The Competition GS was also made in Japan around this time.  My 1981 GS has SunTour dropouts, Araya rims and DiaCompe G brakes instead of the Weinman and Campagnolo parts you have.  The saddle is not Brooks; it is a Raleigh-branded suede covered plastic saddle made by Kashimax.  Bars and stem are Raleigh-branded SR.  Otherwise, it is the Campagnolo Gran Sport group with the later 5-spoke crankset.  The chrome socks are shorter on the Japanese-built frames than the British.

Your bike was made in Nottingham and the shifter braze-ons appear to have been added.  Your downtube lug cutout is a different shape from the others shown in this thread.  There don't seem to be many Raleigh catalogs from this time to check against...
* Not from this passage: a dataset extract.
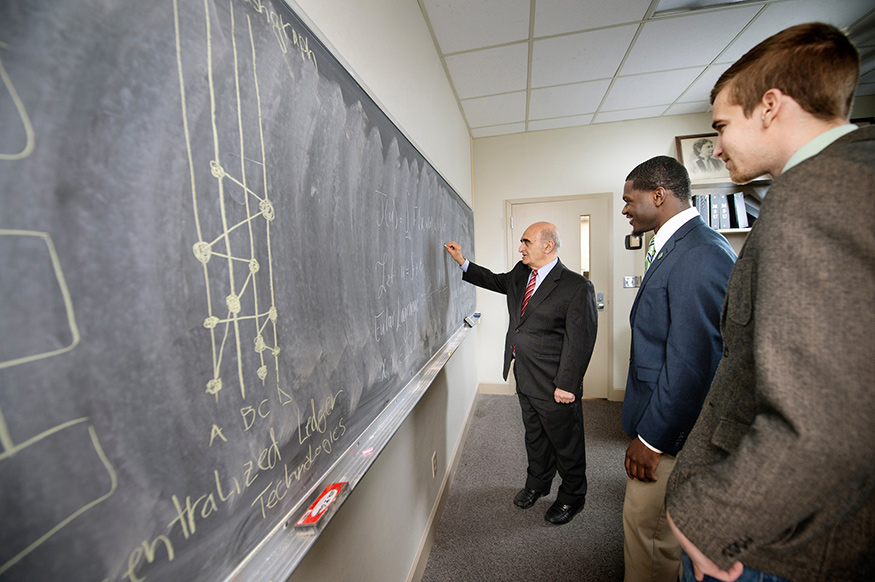 Mohsen Razzaghi, left, professor and head of MSU’s Department of Mathematics and Statistics, is pictured with Chartese Jones, middle, an MSU doctoral student soon traveling to study at the University of Bucharest, and Victor Holotescu, right, a visiting Romanian scholar from the University Politehnica of Timisoara, who is studying at MSU this spring. (Photo by Megan Bean)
Currently waiting in the queue for some attention:


----------



## Schreck83 (Nov 7, 2021)

Since you have fender eyelets on the rear dropouts and the 3-arm crank, your frame is likely to be earlier than 1981.  Have you checked the serial number on the bottom bracket? Should start with WxY.....  with Y being the last digit of the year, so Wx9 would be 1979.


----------



## teisco (Nov 7, 2021)

I love a mystery 
Serial number states 80 (opps wrong, just re read the serial number, now I think it means 78?)


----------



## Schreck83 (Nov 7, 2021)

Ok, so the 1981 catalog shows Brooks Professional on the Competition GS, so I would think the 1980 GS had it too. 1981 graphics are the bold white as in earlier years, not the red script shown above.  The GS in the 1981 catalog could actually be a 1980 model since it has the 3-arm GS crank.  Not sure when they stopped making these, but my 5-arm GS crank is dated 1980.
https://www.jaysmarine.com/TH_Raleigh_Cat_81_24n25.html


----------



## teisco (Nov 7, 2021)

I messed up, re read the number and now I think it states '78 , correct ?


----------



## Schreck83 (Nov 7, 2021)

Yes! May 1978, made in Worksop, England.
1978 catalog for the competition GS


----------



## teisco (Nov 9, 2021)

Schreck83 said:


> Yes! May 1978, made in Worksop, England.
> 1978 catalog for the competition GS



Thanks, now to make it look that good again. 
And so it begins:


----------